Re: This question is really tough for me

by lokesh sardana -

at any time t,

normal rxn on cart =  &usin@ +  (M- &t)g

Fnett on cart = u&cos@ - \mu{(M-&t)g + &usin@}

(M-&t).dV/dt = u&cos@ - \mu{(M-&t)g + &usin@}

dV = {u&(cos@ - \musin@)/(M-&t)- \mug}dt

integrating both sides

V = u&(cos@ - \musin@)ln{(M- &t)/M} - \mugt

where & = \lambda\frac{kg}{s} and  @ = \theta

this is the answer acc. to me...slightly diff from urs..

may be I am wrong...

In reply to lokesh sardana

Re: This question is really tough for me

by Sinjan Jana -
No, you are absolutely correct.. The answer I gave is dimensionally incorrect..!!
In reply to lokesh sardana

Re: This question is really tough for me

by Chandni Bhatia -
Can you please explain why &usin@ is added to normal rxn.?
In reply to Chandni Bhatia

Re: This question is really tough for me

by lokesh sardana -
because the canon is at some angle.......so, force exerted by it will be resolved in two components, horizontal component will push the cart forward and vertically component will try to push the cart downward thus adding up in normal rxn..
In reply to lokesh sardana

Re: This question is really tough for me

by lokesh sardana -

  truely saying, my above method is not correct....

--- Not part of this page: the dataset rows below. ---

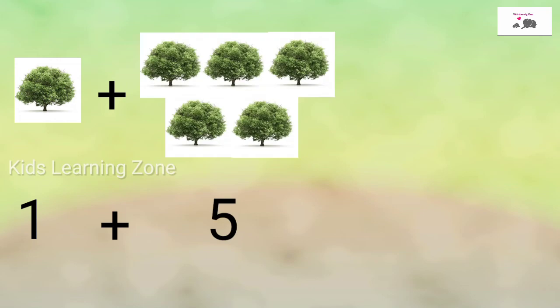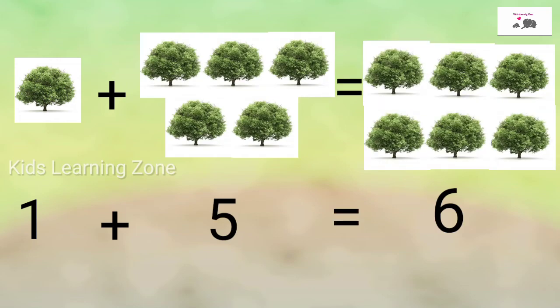1 plus 5 is equal to 6. There are 6 trees.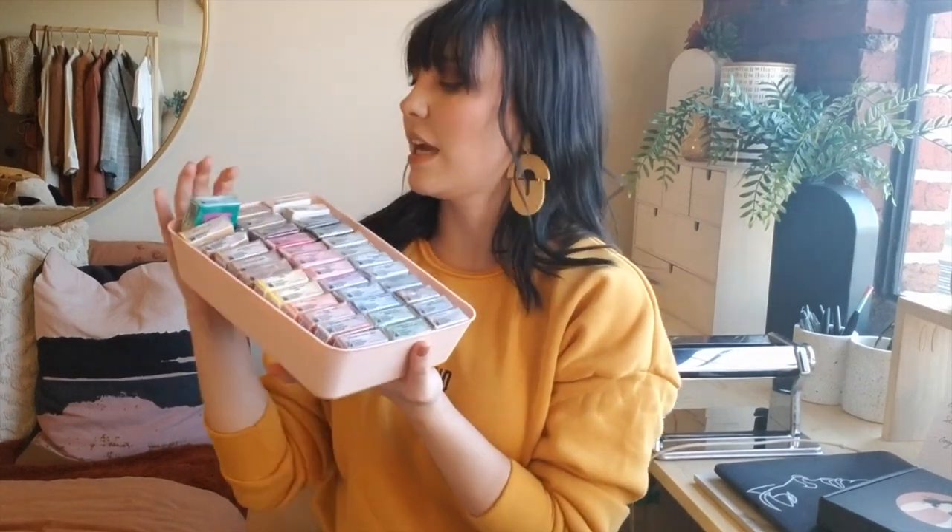Hey everybody, welcome back to my channel! Today is all about organization, one of my favorite things in life. We are going to take a look at how I go about organizing all of my clay.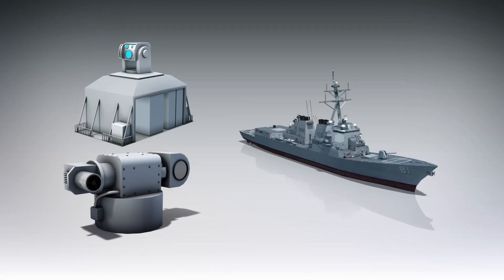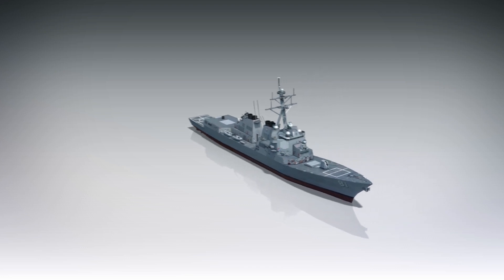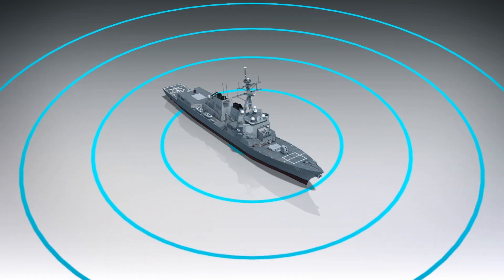The outlet reports that ODIN is only one of the laser weapons planned by the service. Another weapon, a 60–150 kilowatt laser with a range of 5 nautical miles, will likely be installed on another destroyer by 2021.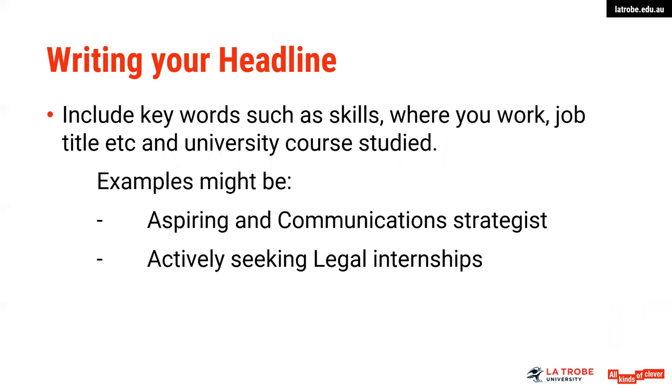Your headline is that small area of information — it's usually a line underneath your name on your LinkedIn. Again, really important to put some planning and preparation into the words you use here. Keywords such as your skills, where you work, your job title, and university course are good suggestions for things to include. Examples might be 'aspiring communication strategist' — something that alludes to the type of work or field you are looking to get into — or your current status, such as 'actively seeking legal internships'. Use your headline to portray where you're currently at and the skills that you bring.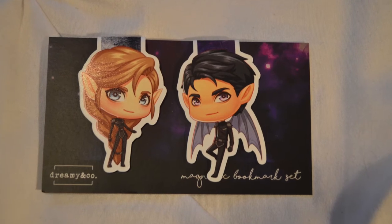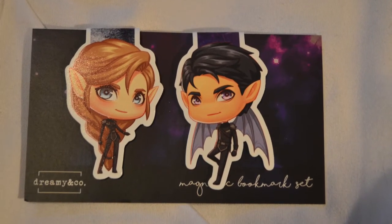The next thing is a set of magnetic bookmarks from Dreamy and Co. I'm not really sure which side is the front, but this is of Rhys and Feyre in their Illyrian fighting gear and these are so cute. I've been seeing the ACOTAR characters in these little chibi forms and I think they're adorable. I've never gotten around to buying them and I'm so happy that I have these.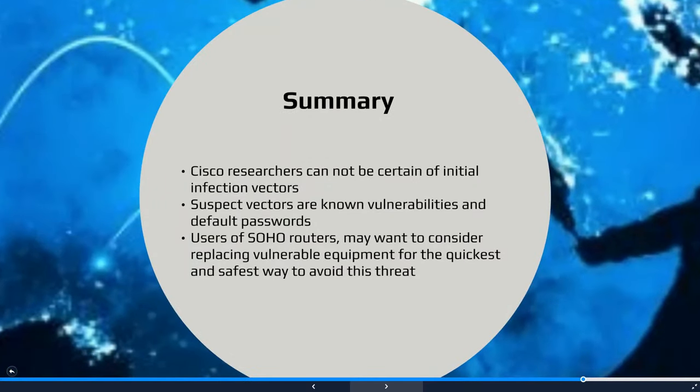As we noted earlier in this podcast, the VPNFilter malware was a massive infection which affected users of SOHO routers and NAS devices around the globe. While the Cisco security team members could not pinpoint the initial infection threat vectors with absolute certitude, they highly suspect that known vulnerabilities and default passwords were probably the main culprits exploited by this malware. For complete assurance and peace of mind, users of SOHO routers might want to consider replacing the identified vulnerable equipment as the quickest and safest method of avoiding this threat.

here, I first calculated Fnett and then equated it to m.a = m.dV/dt

but this is not valid because m is also changing with time..

so, it should be equal to d(mV)/dt.

but by this method , calculation become more complex and asnwer coming out to be completely different...

so, I am also confused..

sorry !!!! :(

It is better that experts should enter and tackle this problem.

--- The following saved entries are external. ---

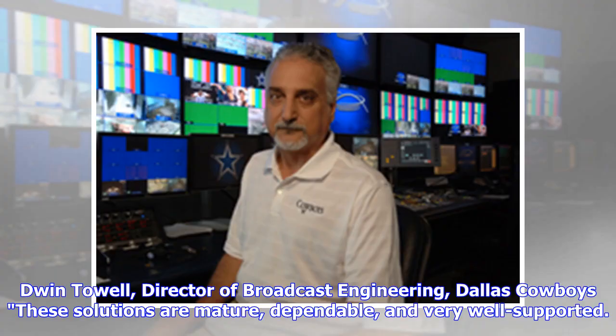Dwin Toil, Director of Broadcast Engineering, Dallas Cowboys: These solutions are mature, dependable, and very well supported.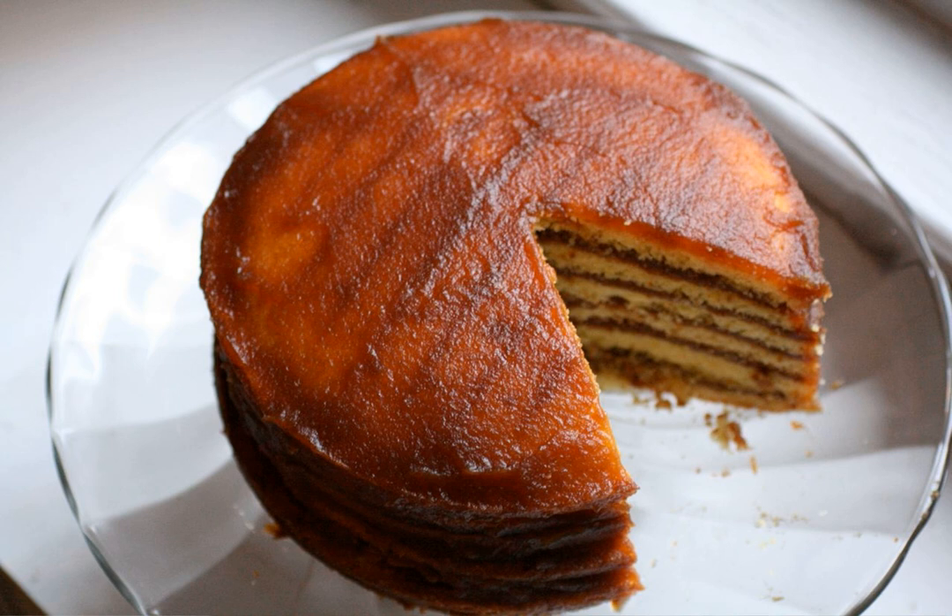A stack cake is a unique regional variation that replaces a wedding cake, which can be prohibitively expensive in the economically deprived area of Appalachia, United States. Friends and family each bring a layer for the cake, and the bride's family spreads apple preserves, dried apples, or apple butter between each layer.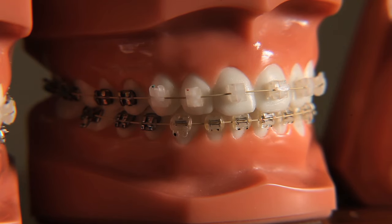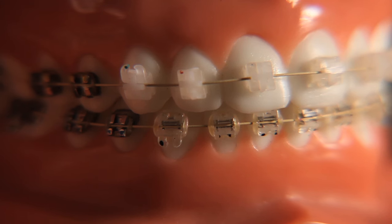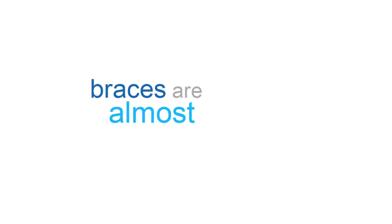White ceramic brackets are made from composite materials and blend in with natural teeth. Rubber bands that hold the arch wire to the brackets are clear. The braces are almost invisible.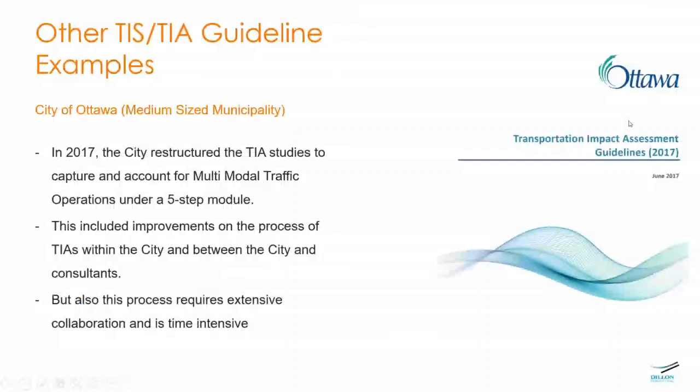Starting with the Ottawa TIA guidelines: the city of Ottawa, similar to any municipality, was mainly focused on vehicle traffic for traffic impact assessments until 2016-2017, when the city restructured the way they conduct TIA studies to capture and account for different roadway users such as cyclists, transit users, pedestrians, and so on.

I myself waiting for their replies.

Lokesh

In reply to lokesh sardana

Re: This question is really tough for me

by Sinjan Jana -
The answer given is wrong.

And the correct answer is :

(ucosθ-µusinθ)ln M/(M-λt)-µgt

we can easily see that the answer I posted is dimensionally incorrect.

The following gives a gist of the solution that is sufficient for us to understand.

Initially forget about the friction, just calculate the thrust/force generated due to recoil.

Apply Law of conservation of Momentum
In x direction,
λdt u cosθ = (M- λt)(dv) dv =change in velocity of truck.

Dv/dt= λ u cosθ/(M- λt)

Now consider frictional force = µN

N = mg + Thrust in downward direction due to recoil.

Nett retardation = dv/dt = -µ(g +( λ u sin θ/(M- λt)))

Nett acceleration = dv/dt = (λ u cosθ)/(M- λt) - (µλ u sin θ)/(M- λt) - µg

Integrate this (limits 0 to t)to get the following answer:

(ucosθ-µusinθ)ln M/(M-λt)-µgt
In reply to Sinjan Jana

Re: This question is really tough for me

by lokesh sardana -

well, this seems to be another form of my previous solution....

and I m sorry for slight mistake in my answer .....an extra '&" has been additionally multiplied in my answer due to calculation mistake in integration..

here u have written acc. a = F/m

 but is in this case newton's law applicable???? because here mass is also changing with time...

so,  it seems that same mistake has been performed as I did

that's why I m confused........